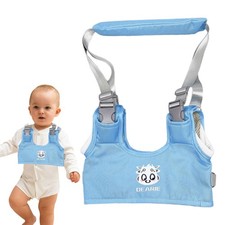 Toddler Walker Harness Assistant Belt Toddler Safety Walking Belt Walker cozy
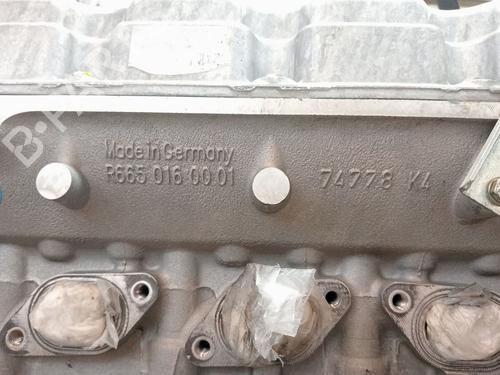 Motor SSANGYONG RODIUS I 2.7 Xdi | BP23364549M1 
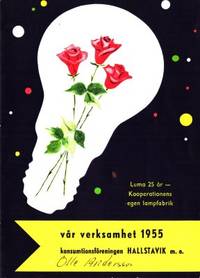 Vår verksamhet 1955. Konsumtionsföreningen…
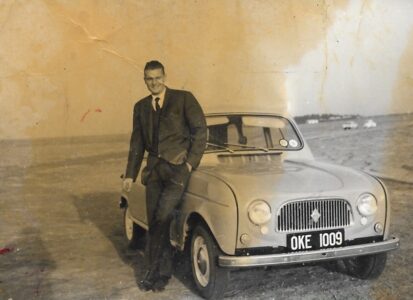 Welkom - 21 aprile 1963 - Mio papà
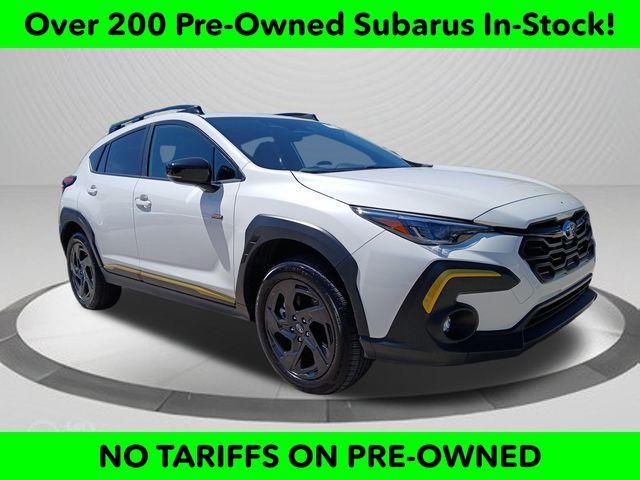 2024 Subaru Crosstrek
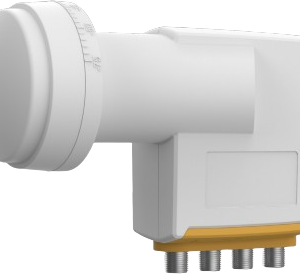 Konwerter INVERTO Unicable II 3x Unicable + 1x Legacy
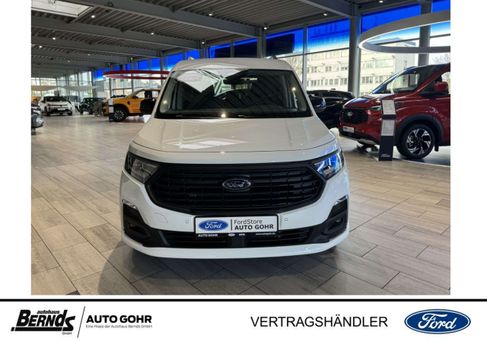 Ford Tourneo Connect, 2025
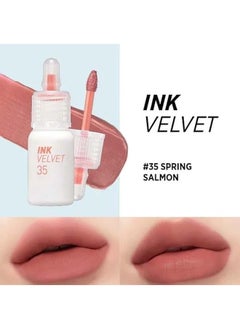 Peripera Ink Velvet 035 Spring Salmon  - Image 3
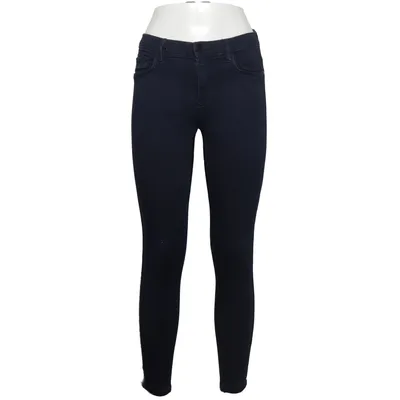 Jegging (Blauw, Meerkleurig) van Dust Katoen, Elastaan, Polyester, Viscose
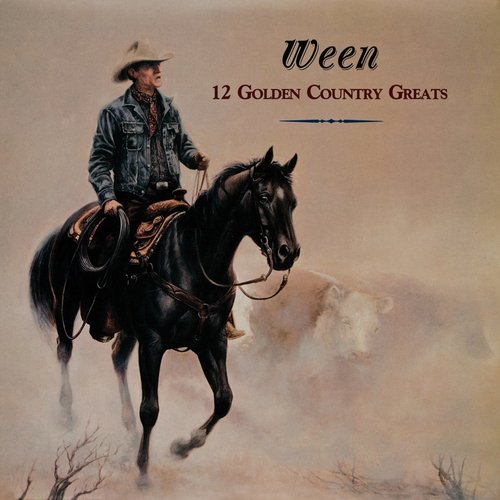 12 Golden Country Greats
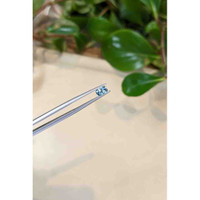 0.50 Ct. Greenish Blue Sapphire from Montana Life Style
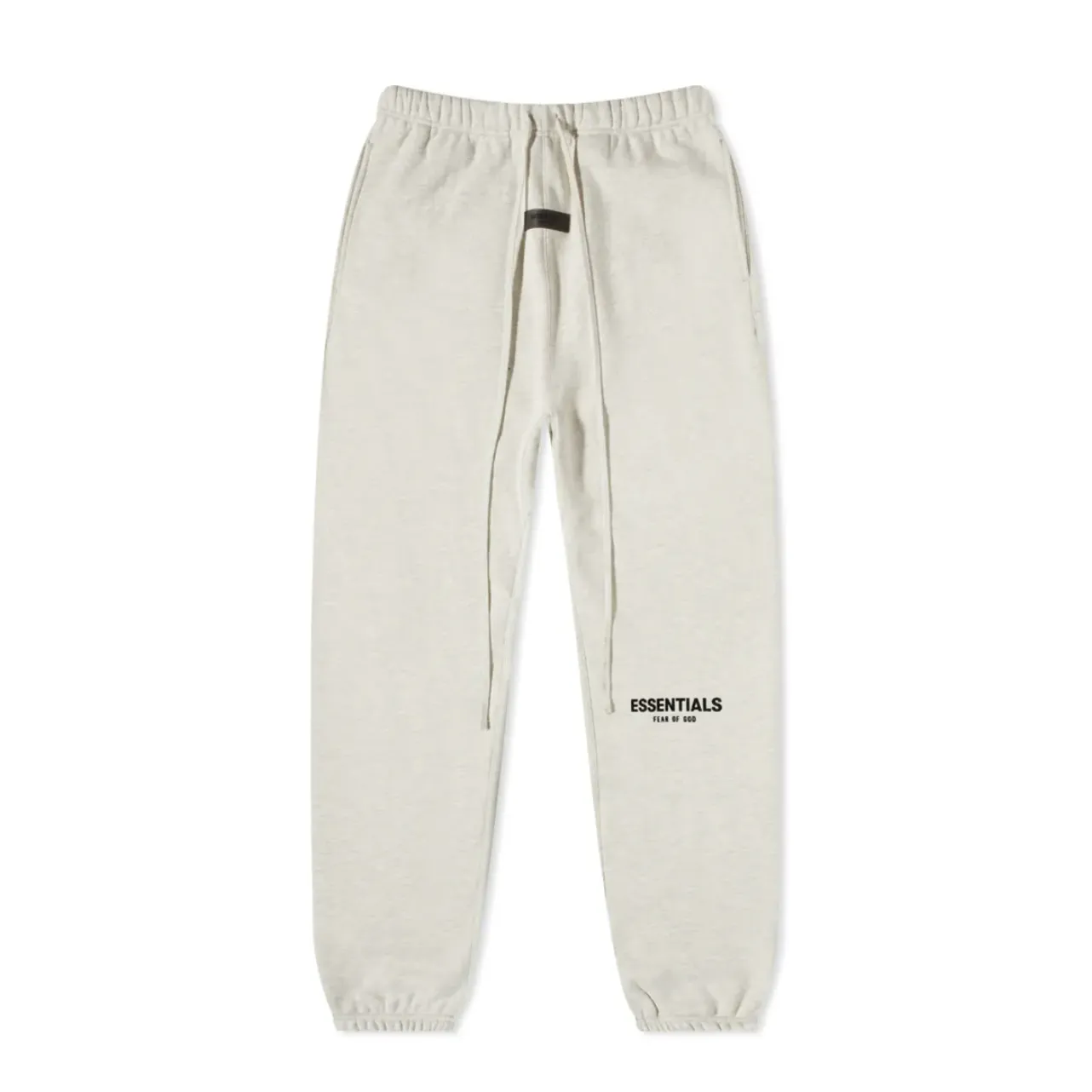 Fear of God Essentials Sweatpants (SS22) Light Oatmeal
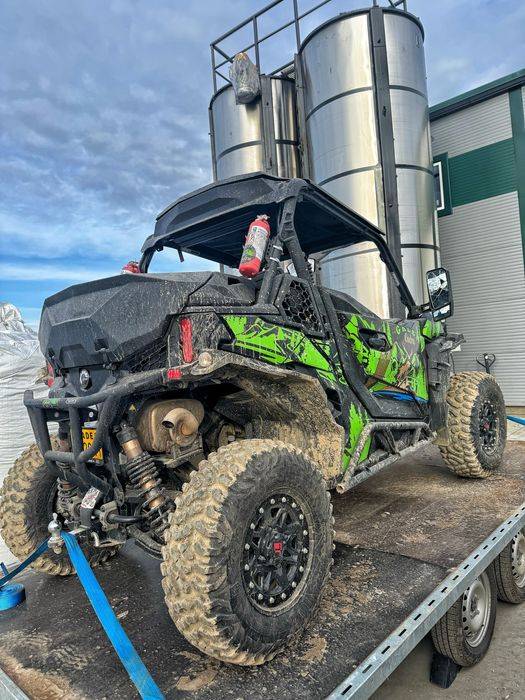 Can Am Maverick Sport 1000 R - DPS [ buggy , ssv , utv ]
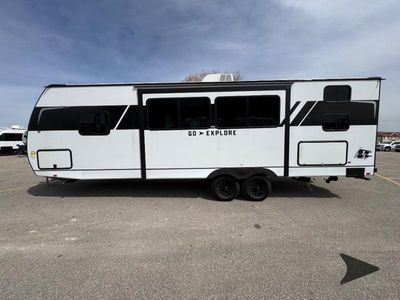 2025 Wayfinder RV GO EXPLORE - Photo 8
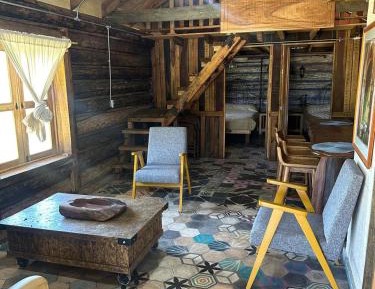 Three-Bedroom Chalet
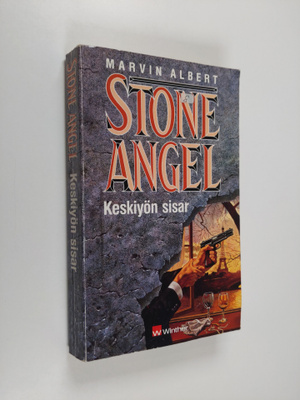 Marvin Albert : Keskiyön sisar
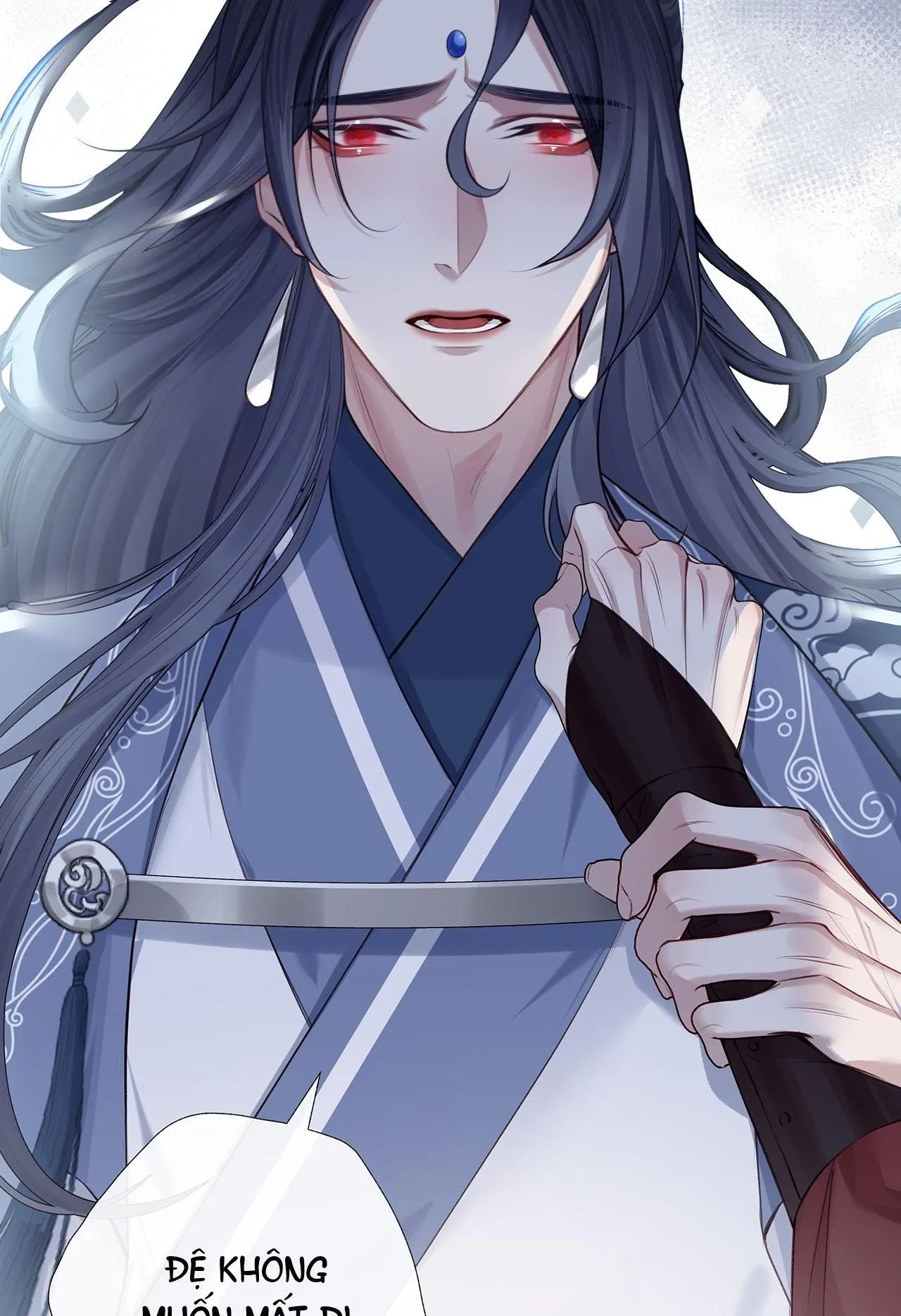 Bản Toạ Nuôi Quỷ Hút Máu Ở Tông Môn (END) Chapter 29 Trang 30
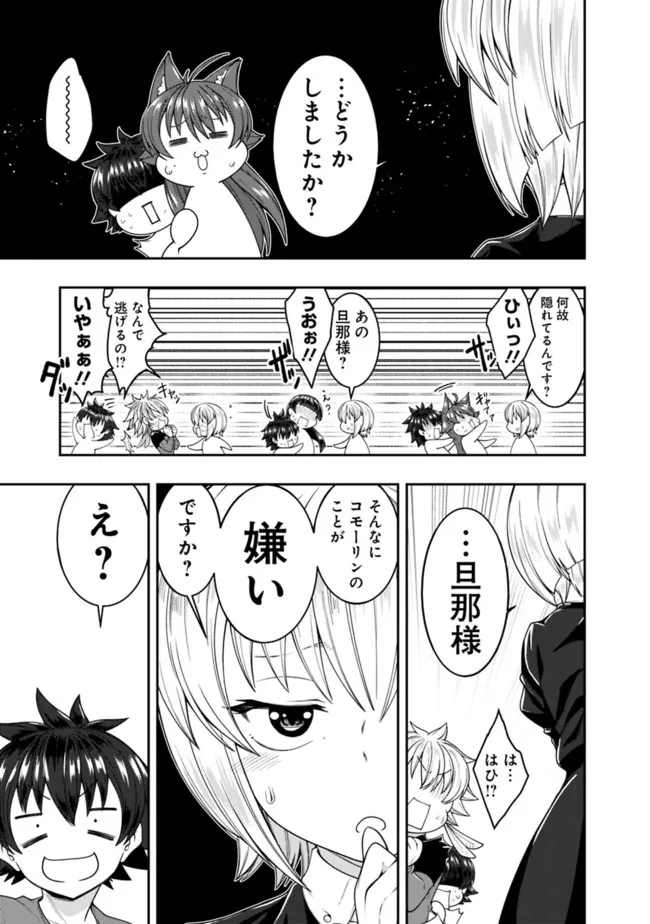 自重しない元勇者の強くて楽しいニューゲーム 第156話 - Page 13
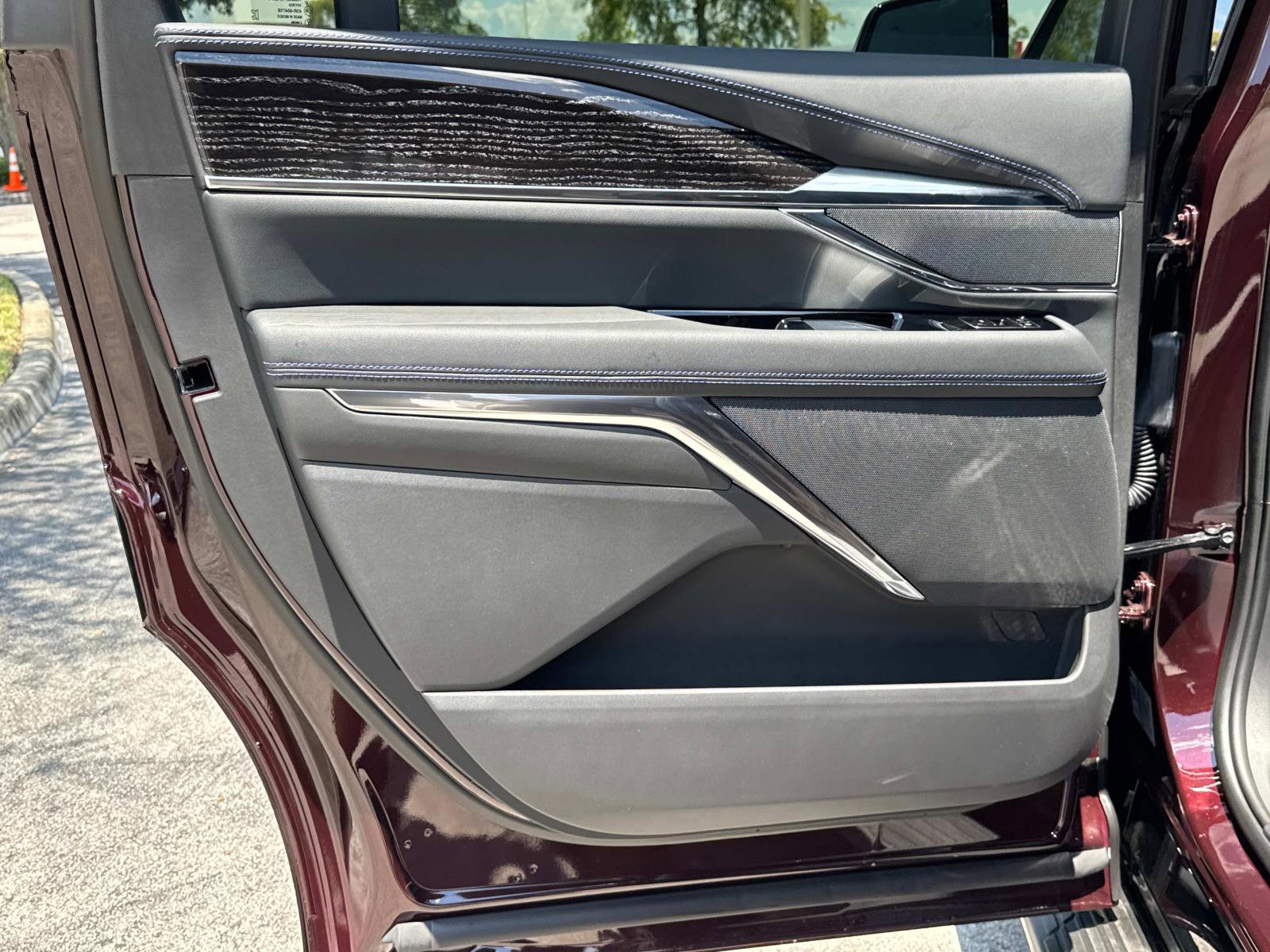 New 2026 Cadillac Escalade IQ Sport 1 image 13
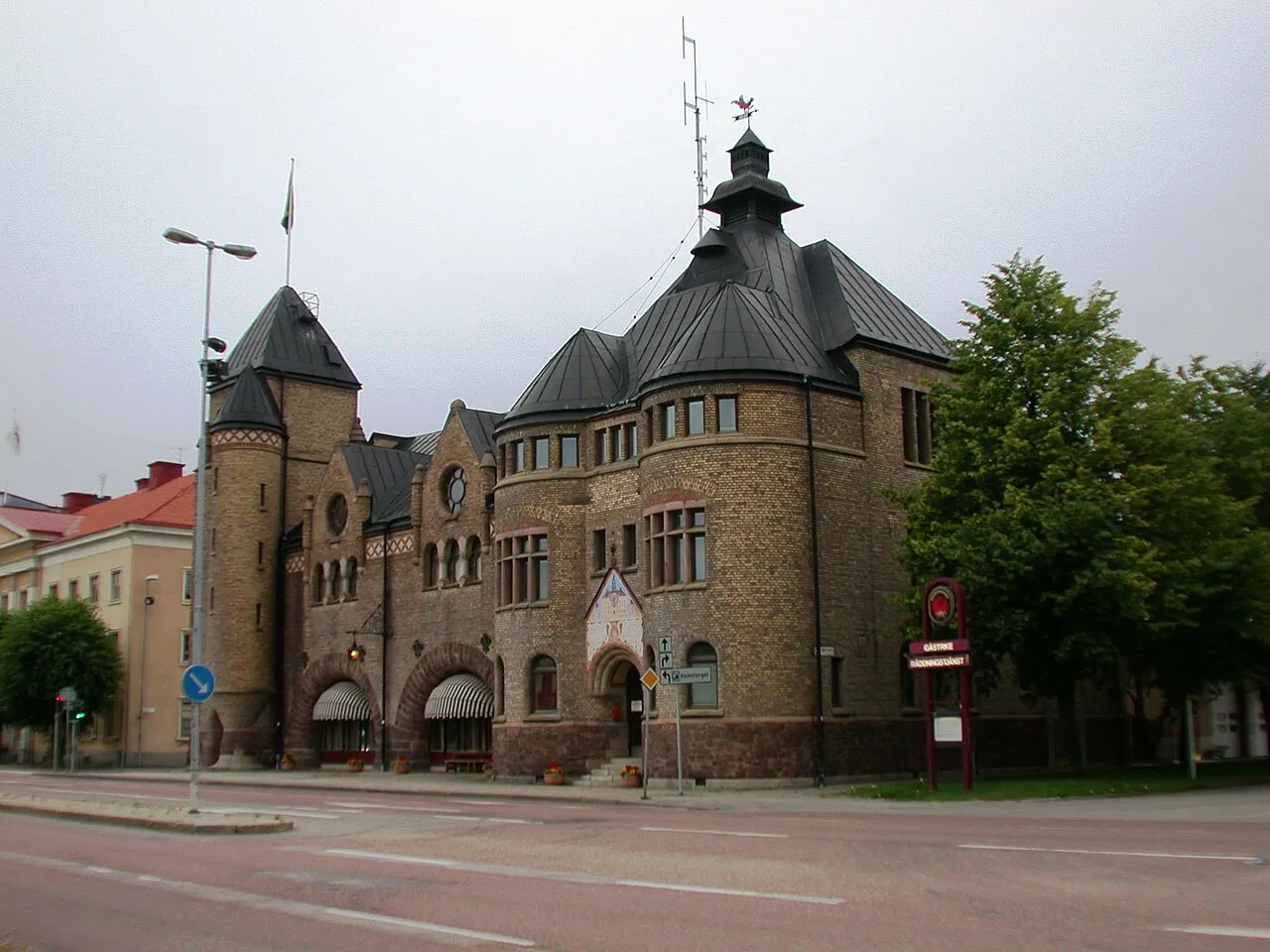 Gävle brandstation
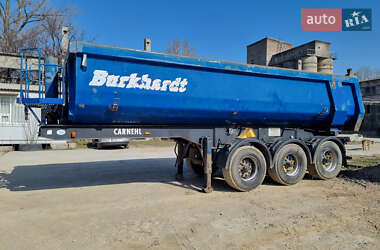 Цены Carnehl Самосвал полуприцеп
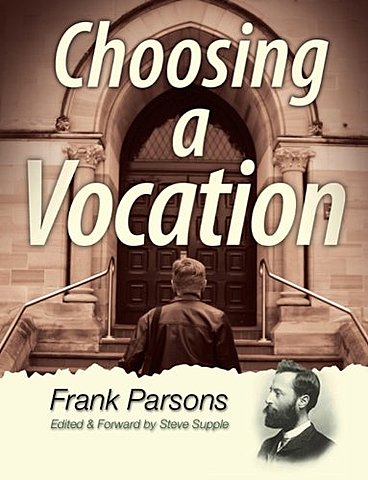 Choosing a vocation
== == ==
§ **Exercise requirements**: Here the job is to output the lines from the top of the listing through the line holding "0.50 Ct. Greenish", word for word and without pictures.

§ **Exercise solution**:
 Toddler Walker Harness Assistant Belt Toddler Safety Walking Belt Walker cozy
 Motor SSANGYONG RODIUS I 2.7 Xdi | BP23364549M1 
 Vår verksamhet 1955. Konsumtionsföreningen…
 Welkom - 21 aprile 1963 - Mio papà
 2024 Subaru Crosstrek
 Konwerter INVERTO Unicable II 3x Unicable + 1x Legacy
 Ford Tourneo Connect, 2025
 Peripera Ink Velvet 035 Spring Salmon  - Image 3
 Jegging (Blauw, Meerkleurig) van Dust Katoen, Elastaan, Polyester, Viscose
 12 Golden Country Greats
 0.50 Ct. Greenish Blue Sapphire from Montana Life Style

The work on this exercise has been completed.